Se os Estados Unidos desejam inteligência criadora e coragem moral no seu corpo de oficiais-generais, precisam criar um sistema que premie essas qualidades. O Senado jamais confirmaria um juiz indicado para a Suprema Corte que não fosse formado em direito ou que jamais houvesse emitido um parecer jurídico. No entanto, confirma regularmente generais de quatro estrelas que não possuem formação superior em ciências sociais ou humanidades nem falam uma língua estrangeira.

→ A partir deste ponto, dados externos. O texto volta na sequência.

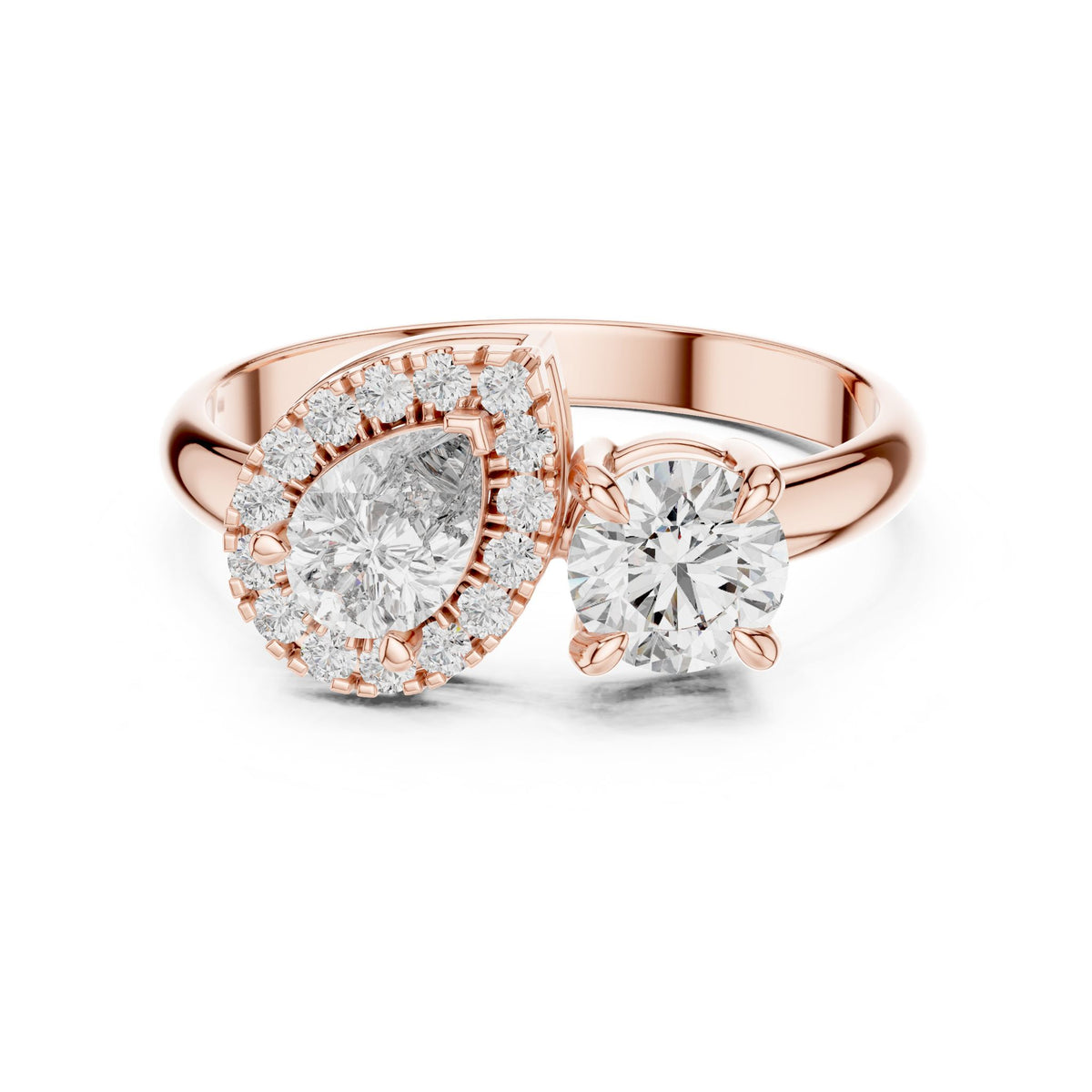 Round Cluster Lab Grown Diamond Engagement Ring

Os oficiais-generais superiores precisam ter a capacidade de compreender culturas estrangeiras e interagir com elas. Um currículo sólido de desempenho intelectual, além da fluência em línguas estrangeiras são indicadores eficazes do potencial de um oficial para postos superiores de comando.

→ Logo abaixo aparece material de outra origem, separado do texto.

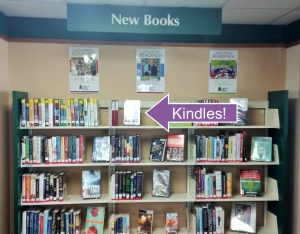 kindles on the new book shelf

Para premiar a coragem moral dos nossos oficiais-generais, o Congresso precisa formular perguntas duras sobre os recursos e os métodos usados na guerra, como parte de sua responsabilidade de supervisão. Algumas das respostas serão chocantes, o que talvez explique por que o Congresso não faz essas perguntas e os generais não as respondem. Se o número de inimigos que nossas operações produzem é maior do que o número de inimigos que elas derrotam, não há quantidade de força capaz de nos fazer prevalecer.

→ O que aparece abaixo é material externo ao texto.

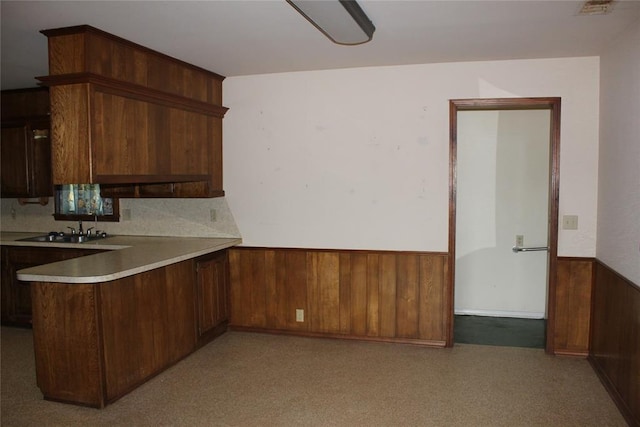 kitchen featuring sink, kitchen peninsula, and wood walls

Por fim, o Congresso precisa reforçar sua responsabilidade, ao exercer o poder de confirmar a patente dos oficiais-generais no momento da reforma. Por lei, o Congresso precisa confirmar cada oficial que é reformado com a patente de general de três ou quatro estrelas. No passado, essa foi sempre uma exigência pro forma, salvo em pouquíssimos casos. Um general responsável por um escândalo substancial relacionado aos direitos humanos, ou por uma significativa deterioração da segurança, deveria ser reformado com patente inferior à que serviu com distinção. Um general que não forneça ao Congresso uma avaliação precisa e franca das probabilidades estratégicas deveria sofrer a mesma penalidade. Da forma como as coisas vêm ocorrendo, um soldado raso que perde o seu fuzil sofre consequências muito mais graves do que um general que perde uma guerra. 

Frederico, o Grande, ordenou que seus oficiais concentrassem as energias nos aspectos mais amplos da guerra. As inovações do monarca prussiano transformaram seu Exército no terror da Europa, mas ele sabia que os adversários vinham aprendendo e se adaptando. Frederico temia que seus generais dominassem o sistema de combate sem refletir profundamente sobre a natureza sempre cambiante da guerra, e com isso pusessem em risco a segurança da Prússia. E esses medos se revelaram proféticos. Na Batalha de Valmy, em 1792, os sucessores de Frederico foram detidos pelo improvisado Exército de cidadãos franceses. Nos catorze anos que se seguiram, os generais prussianos supuseram, sem muita reflexão, que as guerras do futuro seriam semelhantes às do passado. Até que, em 1806, em Jena, o Exército prussiano marchou em fileiras cerradas para a derrota e a destruição diante de Napoleão. A profecia de Frederico se cumpriu; a Prússia tornou-se vassala da França.

O Iraque é a Valmy dos Estados Unidos. Os generais americanos foram parados por uma forma de guerra para a qual não estavam preparados e que não compreendem. Entraram no Iraque supondo, sem muita reflexão, que as guerras do futuro seriam parecidas com as do passado. Os poucos que viram com clareza a nossa vulnerabilidade pouco disseram ou fizeram para nos capacitar a enfrentar esses perigos.

Como ocorreu em Valmy, esse desastre, por mais humilhante que seja, não assinala a derrocada nacional. Ainda não é tarde demais para nos prepararmos para os desafios da Longa Guerra. Ainda temos tempo de escolher para nossos generais homens dotados da inteligência de visualizar os conflitos futuros e da coragem moral de aconselhar os dirigentes civis quanto aos preparativos necessários para a nossa segurança. O poder e a responsabilidade de identificar esses generais cabem ao Congresso americano. Se o Congresso não agir, a nossa Jena nos espera. ●

Paul Yingling: tenente-coronel e subcomandante do 3º Regimento de Cavalaria Blindada do Exército Americano.